はじめに
ローカルの SQL Server だけで「DWHっぽい」データモデルを触ってみたいときに、さっと使えるサンプルがあると便利です。(たまに、Microsoft Fabric の Lakehouse や Warehouse を検証するときに、SQL Server からデータベースをコピーしたいとき、これらのダミーデータがあると良いかもしれませんね)
ここでは、以下のようなミニ DWH を一括で作る SQL スクリプトを遊んでみようと思います。
- データベース:
SalesStarDW - スキーマ:典型的な スター・スキーマ
- 日付ディメンション(
DimDate) - 顧客ディメンション(
DimCustomer) - 商品ディメンション(
DimProduct) - 店舗ディメンション(
DimStore) - 営業ディメンション(
DimSalesperson) - 売上ファクト(
FactSales、計算列SalesAmount付き)
- 日付ディメンション(
- データ:
- 日付:2020-01-01〜2024-12-31
- 各ディメンション:30件ずつ
- ファクト:ランダムに 1,000 行生成
前半:概要と簡単な遊び方
後半:スクリプト全文
という構成にしています。
何が作られるか(ざっくり解説)
ディメンションテーブル
-
DimDate-
DateValue(自然キー)、DayOfWeekName、MonthName、CalendarYear、IsWeekendなど - 日付分析(年・月・曜日・平日/週末)がしやすい構造
-
-
DimCustomer-
CustomerSegment(Retail / SMB / Enterprise) -
City、Country、SignupDate、IsActiveなど
-
-
DimProduct-
Brand、Category、SubCategory -
UnitPrice(標準単価)、IsActive
-
-
DimStore-
StoreType(Retail / Outlet / Online) -
City、Region、Country、OpenDate、IsActive
-
-
DimSalesperson-
Title(Sales Rep / Senior Sales Rep / Sales Manager) -
Region、HireDate、IsActive
-
ファクトテーブル
FactSales は、典型的な売上ファクトテーブルです。
- 外部キー:
DateKey、CustomerKey、ProductKey、StoreKey、SalespersonKey - 明細情報:
OrderNumber、OrderLineNumber、Quantity、UnitPrice、DiscountAmount - 計算列:
SalesAmount(Quantity * UnitPrice - DiscountAmount)

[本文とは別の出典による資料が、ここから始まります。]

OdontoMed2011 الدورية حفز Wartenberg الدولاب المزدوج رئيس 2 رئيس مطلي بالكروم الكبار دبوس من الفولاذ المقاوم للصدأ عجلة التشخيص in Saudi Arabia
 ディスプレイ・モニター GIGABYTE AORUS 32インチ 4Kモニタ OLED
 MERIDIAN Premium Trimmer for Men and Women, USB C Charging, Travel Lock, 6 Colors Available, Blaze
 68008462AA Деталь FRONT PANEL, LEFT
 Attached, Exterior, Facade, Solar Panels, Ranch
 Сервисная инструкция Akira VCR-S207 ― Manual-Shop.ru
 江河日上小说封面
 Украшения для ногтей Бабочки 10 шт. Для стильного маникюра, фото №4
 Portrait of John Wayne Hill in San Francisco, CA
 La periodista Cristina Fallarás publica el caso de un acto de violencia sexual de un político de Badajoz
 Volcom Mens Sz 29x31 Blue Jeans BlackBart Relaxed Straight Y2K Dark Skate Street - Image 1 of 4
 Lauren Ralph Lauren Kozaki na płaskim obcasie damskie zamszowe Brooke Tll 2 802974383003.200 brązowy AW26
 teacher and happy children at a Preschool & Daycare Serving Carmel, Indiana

計算列 SalesAmount は PERSISTED なので、クエリ時に毎回式を書かなくてもそのまま合計を取ることができます。
どうやって遊ぶか(最低限のステップ)
1. スクリプトを実行する
SQL Server Management Studio (SSMS) や Azure Data Studio などで、後半の「サンプル SQL コード全体」をそのまま実行します。
-
SalesStarDWデータベースが作成される - 既存のテーブルがあれば DROP される
- ディメンションとファクトが作成され、データが投入される
2. 行数の確認
本当に 1,000 行入っているか確認します。
USE SalesStarDW;
GO
SELECT COUNT(*) AS FactSalesRowCount
FROM dbo.FactSales;
3. 売上明細のサンプルを確認
ディメンションを JOIN して、どんなデータが入っているか簡単に確認します。
SELECT TOP 5
f.SalesKey,
d.DateValue,
c.FullName AS CustomerName,
p.ProductName,
st.StoreName,
sp.FullName AS SalespersonName,
f.Quantity,
f.UnitPrice,
f.DiscountAmount,
f.SalesAmount
FROM dbo.FactSales f
JOIN dbo.DimDate d ON f.DateKey = d.DateKey
JOIN dbo.DimCustomer c ON f.CustomerKey = c.CustomerKey
JOIN dbo.DimProduct p ON f.ProductKey = p.ProductKey
JOIN dbo.DimStore st ON f.StoreKey = st.StoreKey
JOIN dbo.DimSalesperson sp ON f.SalespersonKey = sp.SalespersonKey;
4. 年別・国別の売上を集計してみる
簡単な集計クエリで、スター・スキーマの感覚を掴めます。
SELECT
d.CalendarYear,
st.Country,
SUM(f.SalesAmount) AS TotalSales,
COUNT(*) AS LineCount
FROM dbo.FactSales f
JOIN dbo.DimDate d ON f.DateKey = d.DateKey
JOIN dbo.DimStore st ON f.StoreKey = st.StoreKey
GROUP BY d.CalendarYear, st.Country
ORDER BY d.CalendarYear, st.Country;
実行例
サンプル SQL コード全体
以下が、今回利用しているスクリプト全文です。
そのまま貼り付けて実行すれば、SalesStarDW ミニ DWH が作成されます。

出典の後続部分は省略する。